- **SUPPLIED MATERIAL**:
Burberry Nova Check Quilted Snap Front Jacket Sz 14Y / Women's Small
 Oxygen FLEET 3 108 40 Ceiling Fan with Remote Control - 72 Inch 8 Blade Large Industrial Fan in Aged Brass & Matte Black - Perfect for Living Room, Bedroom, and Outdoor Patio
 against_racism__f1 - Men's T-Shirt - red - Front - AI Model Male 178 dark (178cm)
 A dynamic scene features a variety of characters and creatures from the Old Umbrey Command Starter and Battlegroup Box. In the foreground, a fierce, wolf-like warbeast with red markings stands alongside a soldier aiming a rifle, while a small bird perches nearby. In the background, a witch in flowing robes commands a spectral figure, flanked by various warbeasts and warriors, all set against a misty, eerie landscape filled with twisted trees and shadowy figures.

- **PROBLEM DETAILS**:
Output the listing in full. Leave every line unchanged.

- **RESULT BELOW**:
Burberry Nova Check Quilted Snap Front Jacket Sz 14Y / Women's Small
 Oxygen FLEET 3 108 40 Ceiling Fan with Remote Control - 72 Inch 8 Blade Large Industrial Fan in Aged Brass & Matte Black - Perfect for Living Room, Bedroom, and Outdoor Patio
 against_racism__f1 - Men's T-Shirt - red - Front - AI Model Male 178 dark (178cm)
 A dynamic scene features a variety of characters and creatures from the Old Umbrey Command Starter and Battlegroup Box. In the foreground, a fierce, wolf-like warbeast with red markings stands alongside a soldier aiming a rifle, while a small bird perches nearby. In the background, a witch in flowing robes commands a spectral figure, flanked by various warbeasts and warriors, all set against a misty, eerie landscape filled with twisted trees and shadowy figures.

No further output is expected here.